Debt with an associated interest rate will increase through time if it is not repaid faster than it grows through interest. This effect may be termed usury, while the term “usury” in other contexts refers only to an excessive rate of interest, in excess of a reasonable profit for the risk accepted.
In international legal thought, odious debt is debt that is incurred by a regime for purposes that do not serve the interest of the state. Such debts are thus considered by this doctrine to be personal debts of the regime that incurred them and not debts of the state. International Third World debt has reached the scale that many economists are convinced that debt relief or debt cancellation is the only way to restore global equity in relations with the developing nations.
Excessive debt accumulation has been blamed for exacerbating economic problems. For example, before the Great Depression, the debt-to-GDP ratio was very high. Economic agents were heavily indebted. This excess of debt, equivalent to excessive expectations on future returns, accompanied asset bubbles on the stock markets. When expectations corrected, deflation and a credit crunch followed. Deflation effectively made debt more expensive and, as Fisher explained, this reinforced deflation again, because, in order to reduce their debt level, economic agents reduced their consumption and investment. The reduction in demand reduced business activity and caused further unemployment. In a more direct sense, more bankruptcies also occurred due both to increased debt cost caused by deflation and the reduced demand.
At the household level, debts can also have detrimental effects — particularly when households make spending decisions assuming income will increase, or remain stable, in years to come. When households take on credit based on this assumption, life events can easily change indebtedness into over-indebtedness. Such life events include unexpected unemployment, relationship break-up, leaving the parental home, business failure, illness, or home repairs.

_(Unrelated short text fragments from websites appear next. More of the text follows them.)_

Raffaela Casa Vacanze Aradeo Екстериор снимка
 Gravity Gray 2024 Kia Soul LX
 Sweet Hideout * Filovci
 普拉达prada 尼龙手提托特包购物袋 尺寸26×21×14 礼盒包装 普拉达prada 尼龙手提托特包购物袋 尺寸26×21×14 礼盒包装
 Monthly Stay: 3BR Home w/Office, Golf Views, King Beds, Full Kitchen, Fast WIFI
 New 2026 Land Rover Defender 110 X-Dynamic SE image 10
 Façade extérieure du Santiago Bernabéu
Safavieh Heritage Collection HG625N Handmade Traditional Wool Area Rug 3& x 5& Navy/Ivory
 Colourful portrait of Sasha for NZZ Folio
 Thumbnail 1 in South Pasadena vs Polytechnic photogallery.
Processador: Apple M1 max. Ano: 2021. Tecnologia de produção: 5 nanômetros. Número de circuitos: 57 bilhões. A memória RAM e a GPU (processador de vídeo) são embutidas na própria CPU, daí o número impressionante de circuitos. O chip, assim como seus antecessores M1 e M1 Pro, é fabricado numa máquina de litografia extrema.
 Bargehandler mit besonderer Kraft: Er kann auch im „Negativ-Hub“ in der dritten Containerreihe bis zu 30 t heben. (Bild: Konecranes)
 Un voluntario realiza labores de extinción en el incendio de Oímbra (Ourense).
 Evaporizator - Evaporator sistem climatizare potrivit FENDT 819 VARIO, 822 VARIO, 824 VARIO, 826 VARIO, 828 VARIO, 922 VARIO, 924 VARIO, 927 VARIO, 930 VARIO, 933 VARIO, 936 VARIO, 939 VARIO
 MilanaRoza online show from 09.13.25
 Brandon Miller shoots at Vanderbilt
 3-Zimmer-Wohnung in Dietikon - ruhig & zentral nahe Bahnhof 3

Over-indebtedness has severe social consequences, such as financial hardship, poor physical and mental health, family stress, stigma, difficulty obtaining employment, exclusion from basic financial services (European Commission, 2009), work accidents and industrial disease, a strain on social relations (Carpentier and Van den Bosch, 2008), absenteeism at work and lack of organisational commitment (Kim et al., 2003), feeling of insecurity, and relational tensions.